La propriété a été léguée à la France, suivant la volonté des poètes et a ouvert ses portes au public en 1994, c’est un musée, mais aussi un lieu de recherche et de création suivant les vœux d’Elsa Triolet et Louis Aragon.
La maison organise désormais des spectacles de théâtre, des lectures ou expositions d’art contemporain, ou encore des conférences-promenades.
Très bien faites ces biographies.

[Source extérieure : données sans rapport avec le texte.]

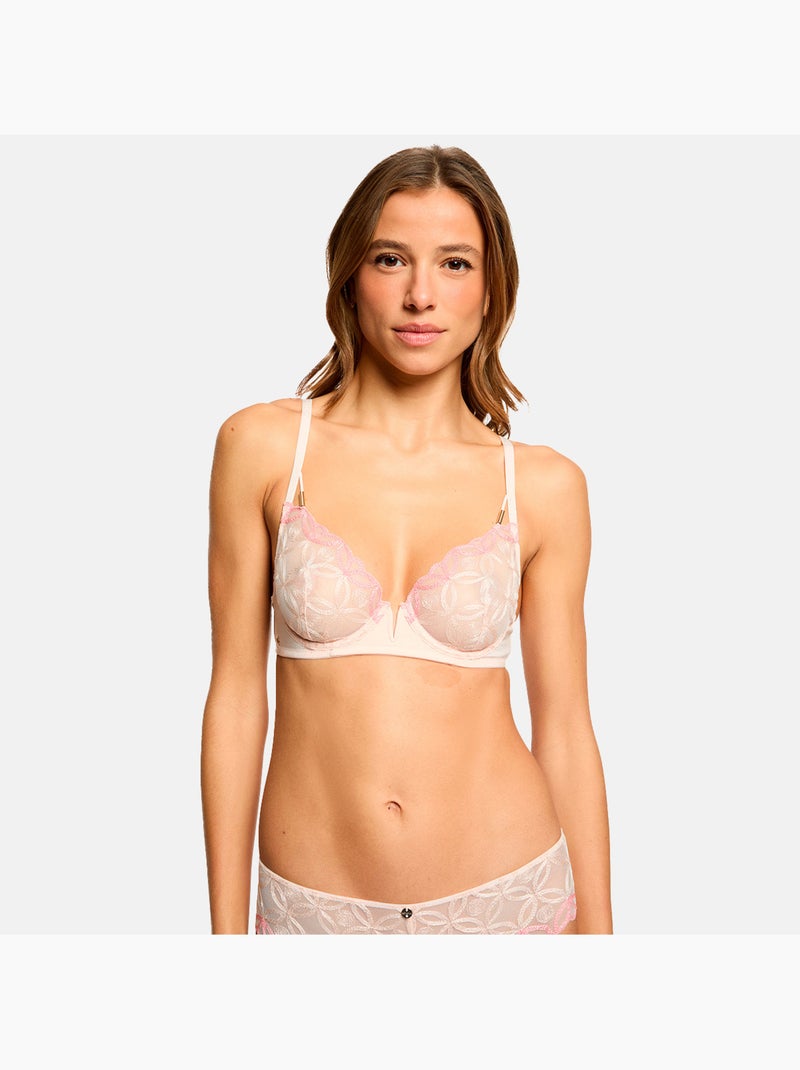 Soutien-gorge armatures ANGIE - Morgan Lingerie Rose - Kiabi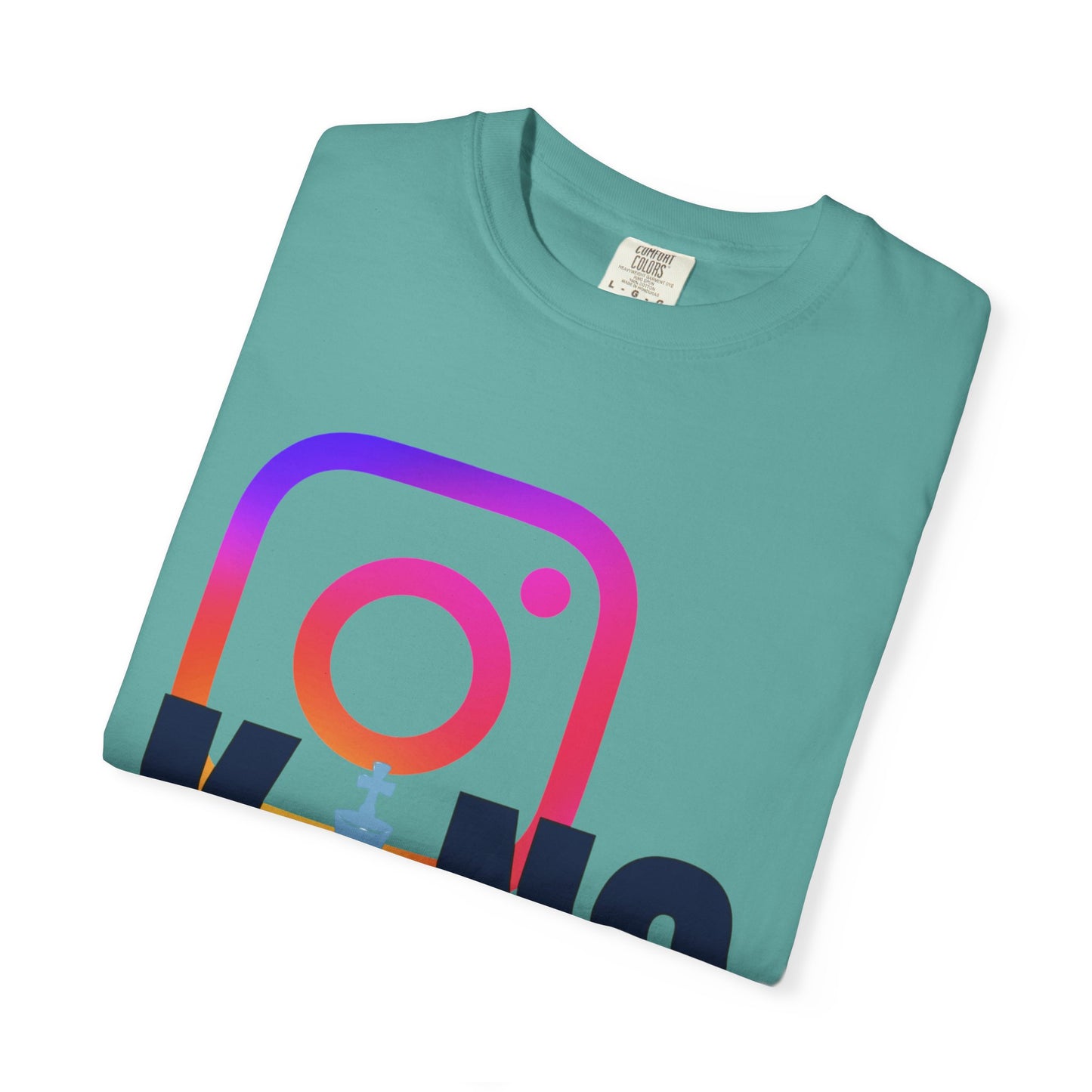 Instagram King T-Shirt — Custom @myChannel Name Social Media Tee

Pour compléter la partie sur Aragon, on peut ré-écouter (pendant 30 jours seulement je crois et à cette adresse http://www.radiofrance.fr/franceinter/em/2000ansdhistoire/index.php?id=66676 ) l’émission « 2000 ans d’histoire » d’aujourd’hui (hasard ?) sur France-Inter dont le sujet était l’amitié entre Aragon, Drieu la Rochelle et Malraux.
Un grand merci pour ce lien très interessant !!!
En parlant de Drieu la Rochelle, cela me fait penser à l’ouvrage Aurélien. La description de la maison dans laquelle vit Bérénice à la fin du roman me fait penser à celle-ci (je crains tout de même que ma mémoire ne me joue des tours).
C’est très bien que la maison garde ce dynamisme. Que j’aurais aimé les rencontrer..
Ahh ça fait du bien de se promener chez mes idoles de jeunesse. Love love love, je rêvais d’un amour aussi total.
Un beau couple oui 🙂
Je les aimais tellement, ils représentaient l’idéal pour moi rêveuse vers mes 17 ans…
Ce billet est fantastique. Je vais venir fouiller plus souvent ici.